Data quality
Public Preview
This feature is in Public Preview.Astro Observe data quality helps you monitor tables to ensure data accuracy, completeness, and integrity across your pipelines. It automatically tracks key metrics such as column null percentages, schema changes, and table row counts to detect anomalies or unexpected shifts in your data.
Configure permissions
Before connecting to Astro Observe, configure the necessary permissions for your data platform.
Snowflake
Databricks
For Snowflake connections, the Observe role must have access to both the ACCOUNT_USAGE and INFORMATION_SCHEMA system tables. The service user must have a default warehouse configured to support discovery and ongoing data quality monitoring.
Setup key-pair authentication in Snowflake (recommended)

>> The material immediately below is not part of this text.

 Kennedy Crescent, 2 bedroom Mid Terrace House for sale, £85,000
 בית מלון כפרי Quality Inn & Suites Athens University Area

Astronomer recommends key-pair authentication for Snowflake service users. Generate an RSA key pair, then assign the public key to the Observe service user to enable secure authentication.
All Snowflake integrations require that the Observe role has access to both ACCOUNT_USAGE and INFORMATION_SCHEMA system tables. The service user must have a default warehouse configured for all discovery and monitoring operations.
Set up a connection
After you configure permissions for your data platform, create an Observe connection.

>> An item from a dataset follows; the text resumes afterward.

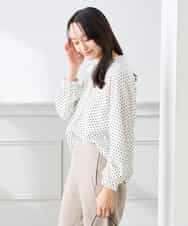 K3BFD25049 a.v.v Elmi(アー・ヴェ・ヴェ) 【低身長サイズ】フリルVネックドット柄ブラウス ホワイト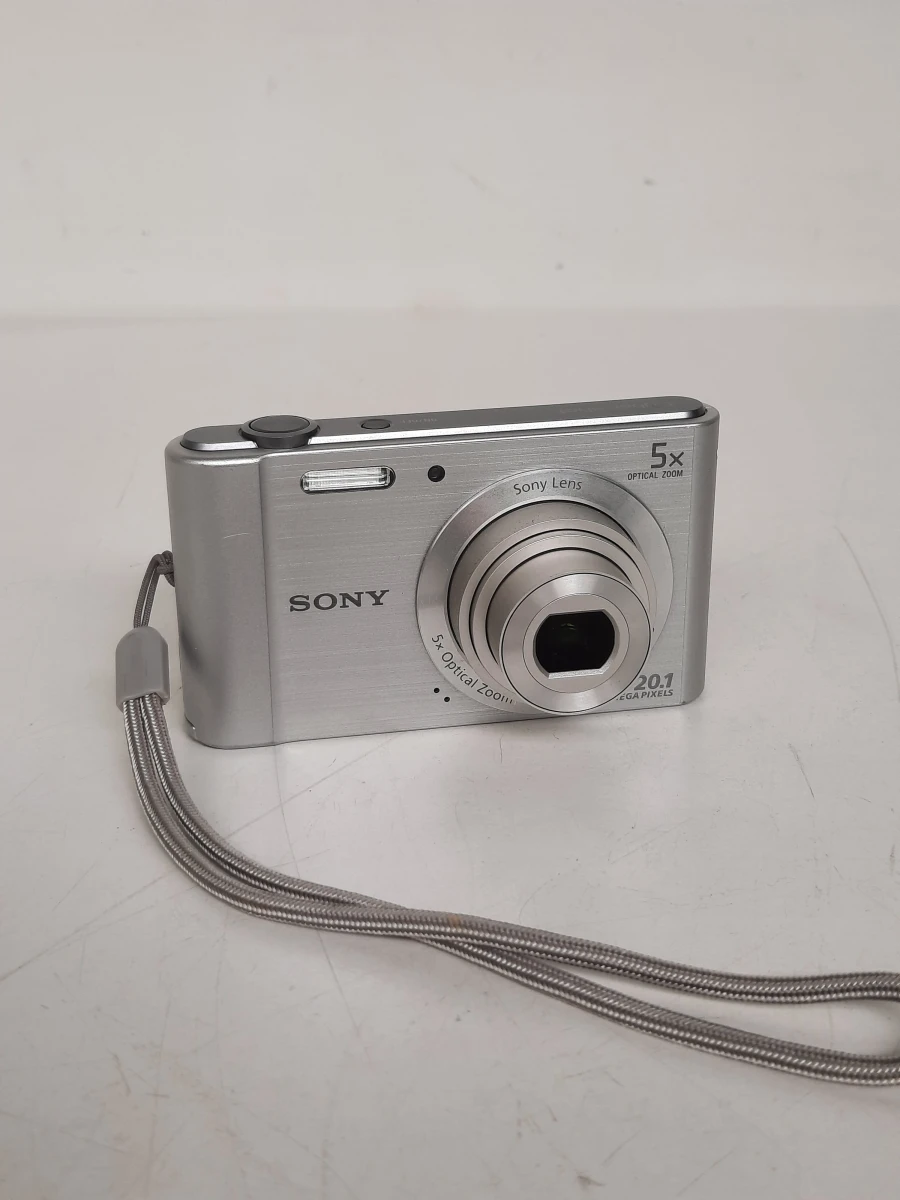 Compacte Zilveren Sony Cyber-shot DSC-W800 + Oplader & Tasje – 20.1 Megapixel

Fill in connection details
Snowflake
Databricks
Complete the following fields:
- Name: A name for the connection.
- Description: Optional description.
- Connection Type: Select Snowflake.
- Polling Schedule: How frequently Observe polls Snowflake for metrics (examples: every 1 hour, 6 hours, 1 day). Polling frequency is the maximum rate at which Observe updates data quality metrics and monitors; more frequent polling may increase Snowflake compute costs.
- Account Identifier: Your Snowflake account identifier (for example,
FY02423-GP2141). Observe maps assets to a connection by account identifier. - Username: The Snowflake service user (
ASTRO_OBSERVE_USER). - Private Key: Paste your private key for key-pair authentication if using key-pair auth.

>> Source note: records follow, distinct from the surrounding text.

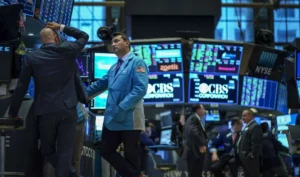 Los bonos argentinos impulsaron la caída del riesgo país.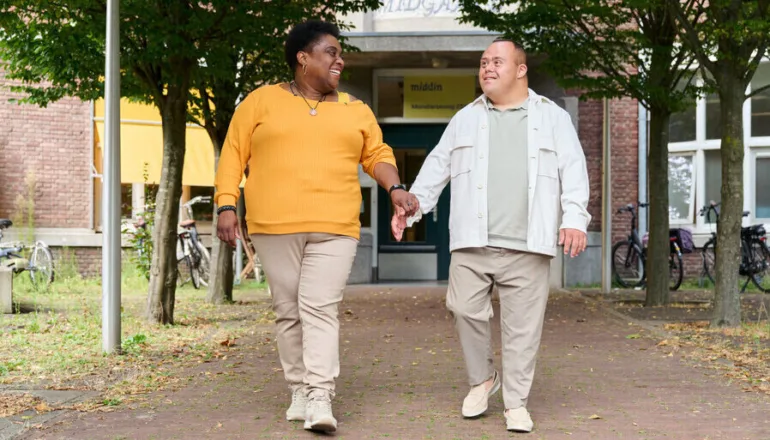 Ashraf met zijn begeleider op zijn woonplek aan de Monsterseweg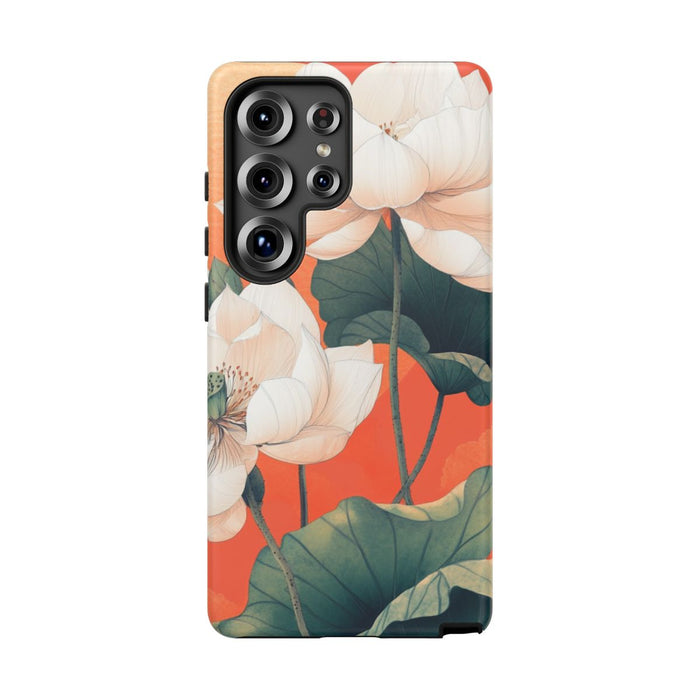 Witte Lotus Bloemen met Groene Bladeren op Oranje Achtergrond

Only one Observe connection is allowed per Snowflake account identifier. If you have multiple Snowflake accounts, create a separate connection for each account identifier.
Navigating data quality in Astro Observe
Asset Catalog
Navigate to Asset Catalog, filter by your data platform (for example, Snowflake tables or Databricks tables), and select the desired table.
You can sort tables by popularity to quickly identify frequently used tables. Popularity rankings are based on query frequency and the number of unique users accessing each table.
Schema
The Schema tab shows table structure details:
- Column names
- Data types
- Completeness status
- Nullability
- Default values
You can enable monitoring for specific columns to actively track completeness.
Event Timeline
The Event Timeline tab shows data quality events for a selected timeframe. Events are color-coded by severity: Success, Neutral, and Failure. Click an event to view details, historical patterns, and affected metrics.
Data quality
The data quality tab provides visualizations for monitored metrics:
- Table Volume: track changes in row counts and percent change over time to identify unexpected fluctuations.
- Completeness: visualize column null percentages against thresholds to surface completeness problems.
Monitors
The Monitors tab lists all configured data quality monitors (Column Null Percentage, Table Schema Change, Row Volume Change). Each monitor’s schedule and modification history are shown for management. To learn how to create data quality monitors, see Data quality monitors.
Manage triggered monitors
To see a high-level overview of your organization’s data quality, click Data Quality in the navigation. Here you can see a summary of triggered data quality monitors from the last week or month, grouped by severity and check type.
Click any triggered monitor to investigate it and see the underlying data that triggered the monitor’s conditions.